[Task item] Down to the last line, set down the listing below exactly, apart from its pictures.

══ Input data ══

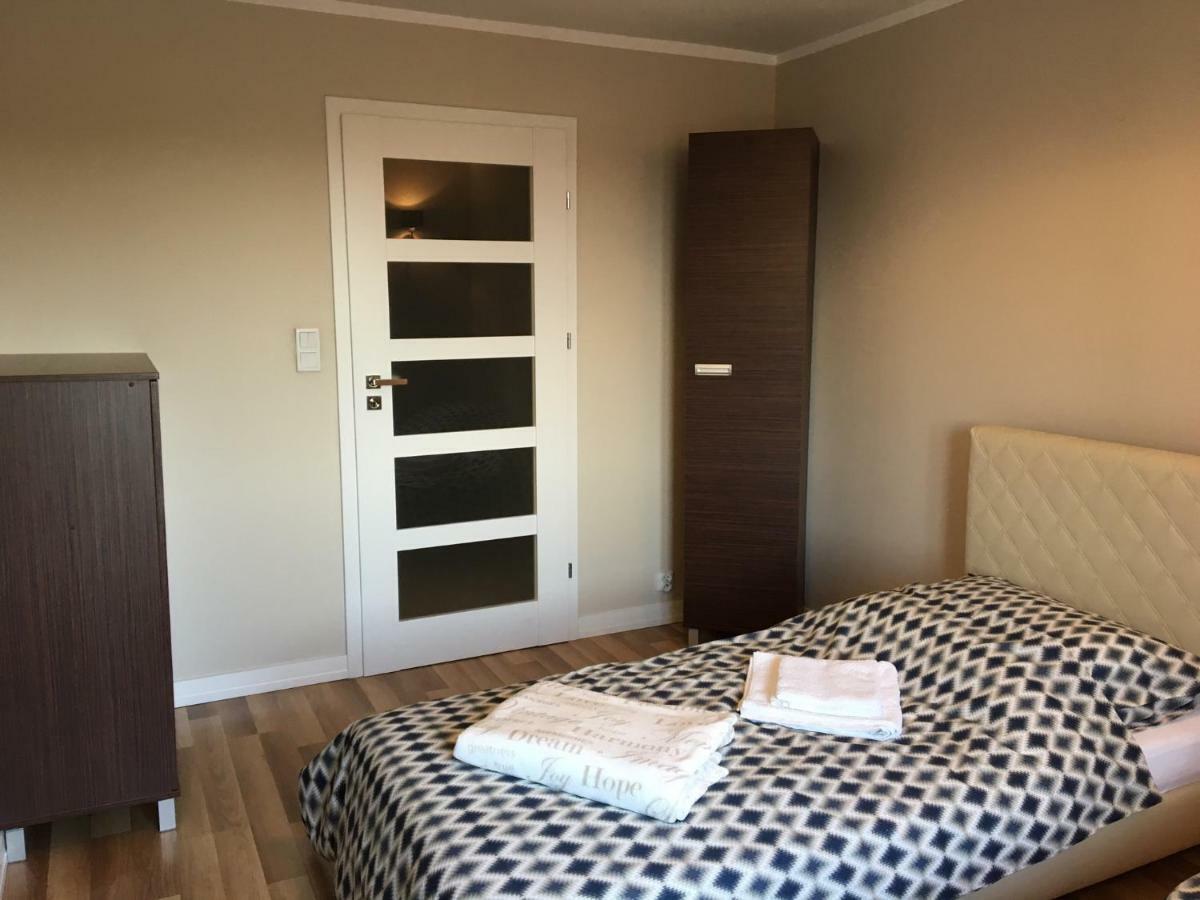 Family & Business Elegant Apartments Rynek Centrum Downtown - 2 Bedroom, Balcony, Parking Kielce Exterior foto
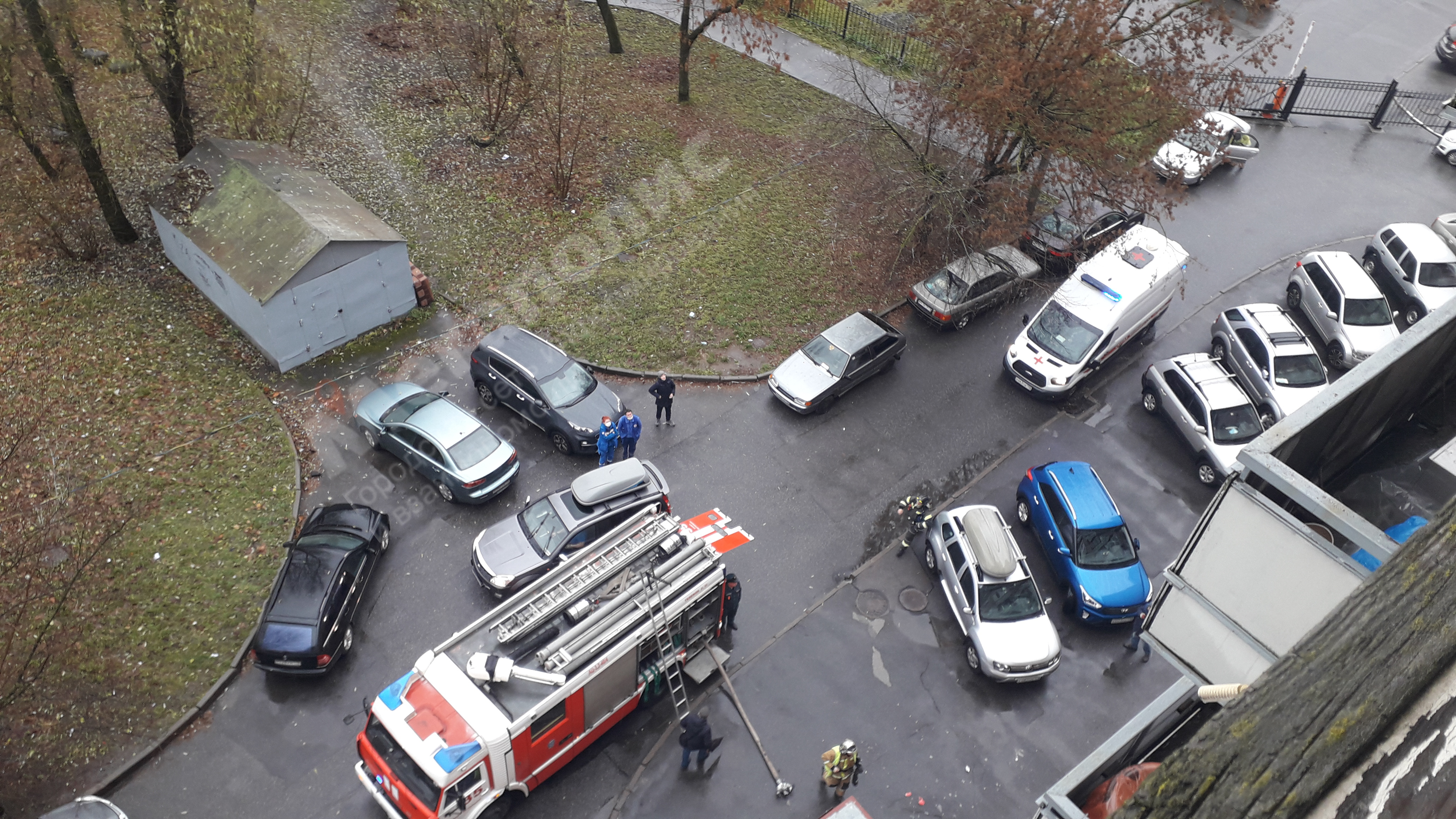 Пожарные спасли человека, оказавшегося в горящей квартире на проспекте  Ветеранов — Мегаполис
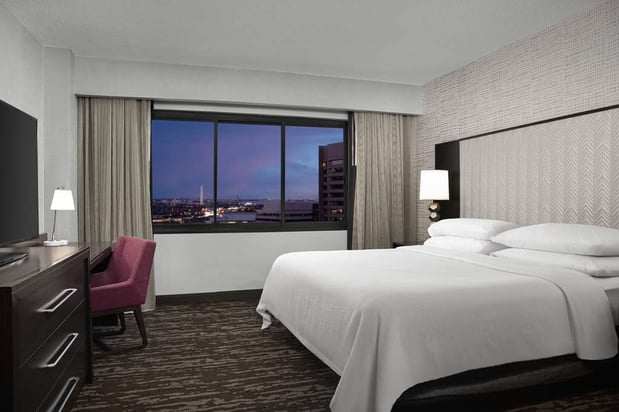 Images Embassy Suites by Hilton Crystal City National Airport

═══

[Answer section]
 Family & Business Elegant Apartments Rynek Centrum Downtown - 2 Bedroom, Balcony, Parking Kielce Exterior foto
 Пожарные спасли человека, оказавшегося в горящей квартире на проспекте  Ветеранов — Мегаполис
 Images Embassy Suites by Hilton Crystal City National Airport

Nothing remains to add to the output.